I’m not sure why anyone actually thinks I want to attend their child’s party. I’m a little too old for pass the parcel. But the fact is, I was a little put out when my son got a birthday invitation that didn’t specifically include my name – just his.
The party is at a water slide park right on the other side of the city, and while in actual fact it was just my son invited there was no doubt I was expected to attend too.
“Each child must be accompanied by an adult on the rides.”
What’s the go with that?
I don’t even know this seven-year old’s family. I’ve got a lot better things to be doing than schlepping my son out to a water slide park an hour away AND spending the day freezing my butt off while doubling with him on the zooper dooper, but it is somehow expected I will happily oblige.

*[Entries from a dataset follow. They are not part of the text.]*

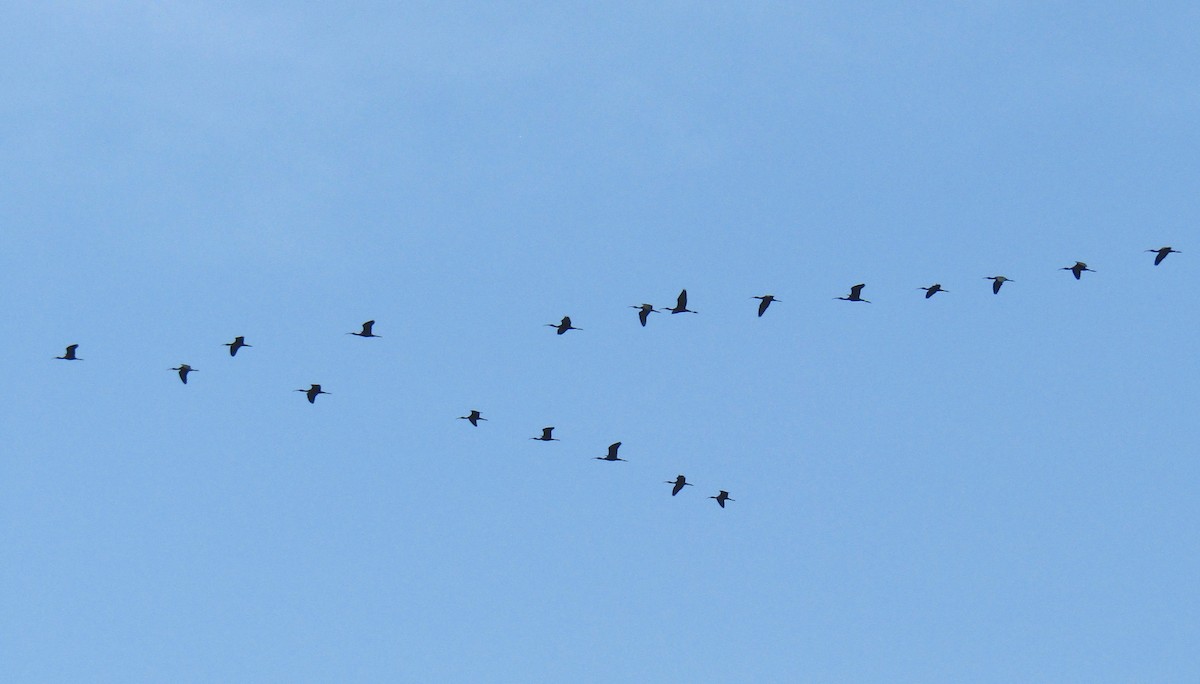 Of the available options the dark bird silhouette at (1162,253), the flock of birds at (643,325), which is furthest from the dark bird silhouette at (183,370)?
the dark bird silhouette at (1162,253)

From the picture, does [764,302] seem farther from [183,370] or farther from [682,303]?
[183,370]

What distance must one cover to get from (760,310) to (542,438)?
49.1ft

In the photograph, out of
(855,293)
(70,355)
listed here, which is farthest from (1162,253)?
(70,355)

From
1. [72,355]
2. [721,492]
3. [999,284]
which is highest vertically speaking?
[999,284]

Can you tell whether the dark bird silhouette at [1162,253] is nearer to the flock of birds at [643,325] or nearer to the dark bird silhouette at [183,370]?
the flock of birds at [643,325]

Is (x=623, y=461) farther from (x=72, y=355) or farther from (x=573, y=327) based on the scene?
(x=72, y=355)

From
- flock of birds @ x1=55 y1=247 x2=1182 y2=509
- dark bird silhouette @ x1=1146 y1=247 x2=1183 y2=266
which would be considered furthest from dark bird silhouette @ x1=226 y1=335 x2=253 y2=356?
dark bird silhouette @ x1=1146 y1=247 x2=1183 y2=266

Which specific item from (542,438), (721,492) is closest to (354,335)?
(542,438)

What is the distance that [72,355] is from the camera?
73312mm

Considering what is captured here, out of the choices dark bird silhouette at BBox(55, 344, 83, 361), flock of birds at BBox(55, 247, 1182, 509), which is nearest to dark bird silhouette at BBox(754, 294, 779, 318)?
flock of birds at BBox(55, 247, 1182, 509)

We’ve gone totally loony tunes over kid’s parties these days. If it isn’t the expense, it is the ridiculous expectations or the gifts.
As the mother of three kids I’ve got a whole pile of party gripes I am about to lay on you and having to accompany my son for an entire day out at a fun park is just the beginning.
1. Asking guests to pay the admission fee.
“We are celebrating Leila’s third birthday at the zoo with a cake near the elephant enclosure. Please be there by 3. Entry fees not included.”
Some nerve huh? After receiving this doozy in the pre-school pigeon hole I conducted a brief outraged-straw-poll amongst my friends and it seemed all Mums had experienced something similar. Whether it be to a play centre or a fast food restaurant if you invite my child, sorry, but I do expect you to pay for them too.
2. Requesting only environmentally conscious gifts.
It was cheekily printed in green on the (re-cycled paper) invitation to a first birthday party, “ Only Eco-friendly gifts please”. Look, I appreciate the sentiment but I am not really sure it is up to the receiver of the gifts to determine exactly how environmentally responsible each gift is.